Reason for demanding Permanent Member Status
- Veto Power: Veto power has been the exclusive domain of P5 members. India could use veto power to defend its interests, say against Pakistan (just like Russia did last year over the civil war in Ukraine).
- Prestige Associated: The sheer prestige associated with permanent membership of a multilateral forum. India’s elevation will also be an acknowledgment of its rise as a global power, ready to play a key role in the council’s objectives of international peace and security.
- Advantages in General Assembly: As a permanent member, India could take benefits of the type of majority required to pass a resolution, requirement of approval of the United Nations Security Council etc.
Challenges for India’s Bid
- Lack of Political Will: Although there is a general agreement towards change in the system, different countries have different perceptions of the requirement for change.
- Coffee Club: It is an informal group comprising 40-odd member states, mostly middle-sized states who oppose bigger regional powers grabbing permanent seats, has been instrumental in holding back reforms to the United Nations Security Council over the past six years.
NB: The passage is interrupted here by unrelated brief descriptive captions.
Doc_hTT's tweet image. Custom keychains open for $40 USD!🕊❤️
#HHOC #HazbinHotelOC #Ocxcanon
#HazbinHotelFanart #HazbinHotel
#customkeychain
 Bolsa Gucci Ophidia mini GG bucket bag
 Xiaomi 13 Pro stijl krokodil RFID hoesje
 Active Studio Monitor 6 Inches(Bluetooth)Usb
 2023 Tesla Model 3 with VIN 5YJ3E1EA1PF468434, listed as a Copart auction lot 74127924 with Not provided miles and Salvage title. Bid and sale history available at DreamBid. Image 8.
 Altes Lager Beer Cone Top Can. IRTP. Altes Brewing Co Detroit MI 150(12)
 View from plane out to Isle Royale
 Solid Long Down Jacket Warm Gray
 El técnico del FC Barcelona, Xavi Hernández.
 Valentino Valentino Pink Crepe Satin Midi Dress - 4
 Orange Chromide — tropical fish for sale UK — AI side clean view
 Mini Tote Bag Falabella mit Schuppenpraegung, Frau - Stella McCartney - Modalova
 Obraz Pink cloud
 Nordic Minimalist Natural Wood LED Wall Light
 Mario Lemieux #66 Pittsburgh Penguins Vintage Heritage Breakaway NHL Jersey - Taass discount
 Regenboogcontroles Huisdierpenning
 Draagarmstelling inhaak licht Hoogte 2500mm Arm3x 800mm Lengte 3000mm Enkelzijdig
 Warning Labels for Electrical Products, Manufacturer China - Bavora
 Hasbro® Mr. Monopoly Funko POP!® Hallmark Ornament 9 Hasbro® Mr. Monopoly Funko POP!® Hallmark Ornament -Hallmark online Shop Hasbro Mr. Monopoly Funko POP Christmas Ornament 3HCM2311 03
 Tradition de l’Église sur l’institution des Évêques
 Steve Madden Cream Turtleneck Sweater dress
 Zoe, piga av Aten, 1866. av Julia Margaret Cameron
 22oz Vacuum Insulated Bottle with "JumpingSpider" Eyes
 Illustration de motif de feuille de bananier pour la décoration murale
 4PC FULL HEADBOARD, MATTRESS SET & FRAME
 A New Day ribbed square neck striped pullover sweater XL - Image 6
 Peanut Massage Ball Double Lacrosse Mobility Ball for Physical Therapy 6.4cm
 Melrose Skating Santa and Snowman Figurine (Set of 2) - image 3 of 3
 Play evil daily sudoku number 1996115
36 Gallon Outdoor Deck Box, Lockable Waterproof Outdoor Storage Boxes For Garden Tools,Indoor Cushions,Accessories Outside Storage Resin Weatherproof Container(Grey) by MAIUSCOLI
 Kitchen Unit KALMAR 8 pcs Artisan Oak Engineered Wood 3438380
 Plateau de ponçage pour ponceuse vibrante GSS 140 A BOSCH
- Chinese Opposition: China being a permanent member blocks the growth of India becoming a Permanent Member.
- US Withdrawing Support: Present US Administration is going away from its previous trajectory and opposing India’s request.
- Growth Trajectory of India: India’s socio economic growth could become a question in making it a permanent member.
- Uphold global peace, security, and order: To play a significant and meaningful role, India needs to have a permanent seat at the institution that was built to uphold global peace, security, and order.
- The support from the five Nordic countries and France indicates that these propositions are getting more and more included in the world’s assessment of India.
- China has also previously indicated that it may drop opposition to India joining the UNSC as a permanent member if it calls off cooperation with Japan to get onto the UN high table.
- India must place high hopes in the potential of the non-permanent members in the Council to play the role of constructive peace makers.